All aboard: Air Force retiree crafts model trains for 38 years

  • Published
  • By Airman 1st Class Janelle Patiño
  • 92nd Air Refueling Wing Public Affairs
While other retirees get part-time jobs or travel the world, Ron Peterson chooses to build model train sets as a hobby. Peterson, a U.S. Air Force retiree, started making train sets in 1975 when he got stationed at Fairchild and later decided to retire here to continue doing what he loves most.

Even before joining the military, Peterson's passion was building plane models, home layouts, sceneries and trains.

"I've always wanted to build trains but didn't have a place to run them, however, I knew I would be able to someday," he said. "So ... I worked on trains and engines and painted details on them while I was stationed in Alaska."

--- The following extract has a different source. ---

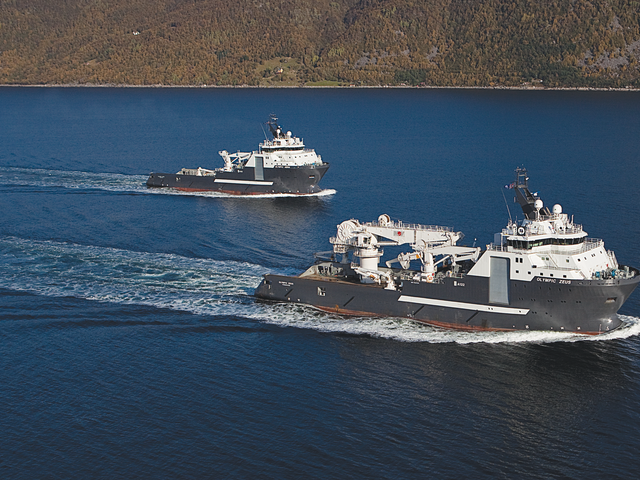 The sister vessels 'Olympic Hera' and 'Olympic Zeus' of the A122 design.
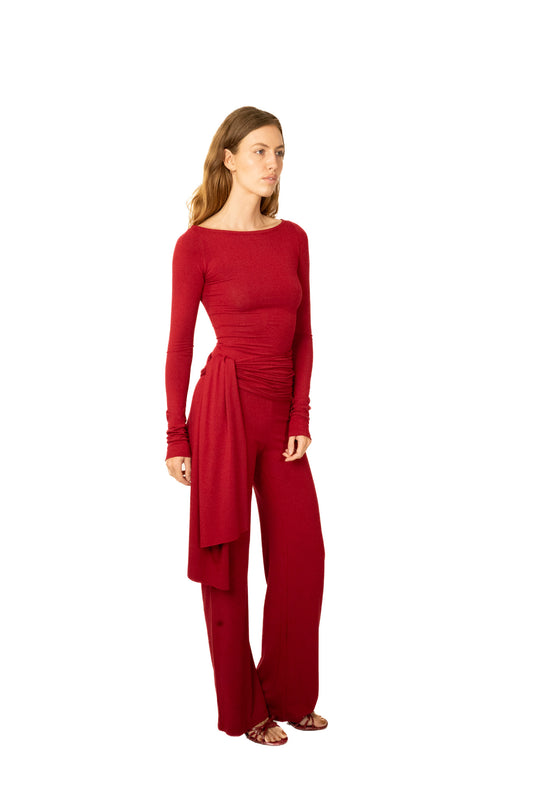 The bamboo scarf large - red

When Peterson got stationed at Fairchild, he finally found a place spacious enough to "run" them.

"It's a nice feeling to build trains because after days of working on it, you get to see it go full speed around the tracks," Peterson said. "I feel a real sense of pride when I see other people appreciate my work."

While on active duty, Peterson found ways and places to do what he loves. Work never stopped him from building more train sets.

"I was working with the 92nd Air Refueling Squadron and I would visit the Arts and Crafts Center during my lunch hour and work on trains instead of going somewhere else to eat," he said. "People were nice enough to give me a locker and a table to work on so I'd go there and work almost every day."

After retiring from the Air Force in 1983, the commander of Fairchild at the time asked Peterson to come back and work as a civilian on base for the Air Show. Even working as a civilian, Peterson continues keeping up with his hobby during his free time.

"I took the job as the airfield manager for another 15 years," he said. "Even though I was working as a civilian, I would still go over to the Arts and Crafts Center and work on my trains just like I used to as an Airman."

After retiring again, this time as a civilian, Peterson can still be found at the Arts and Crafts Center working on his hobby.

"I like building trains because I like the meticulous work that most people can't stand," Peterson said. "I think it's a great therapy for me."

The Air Force retiree views hobbies as an important part to leading a balanced, happy and more productive life.

"Working on trains has a lot of aspects to it; you work on engines, build structures, sceneries and more," he said. "I like all of it."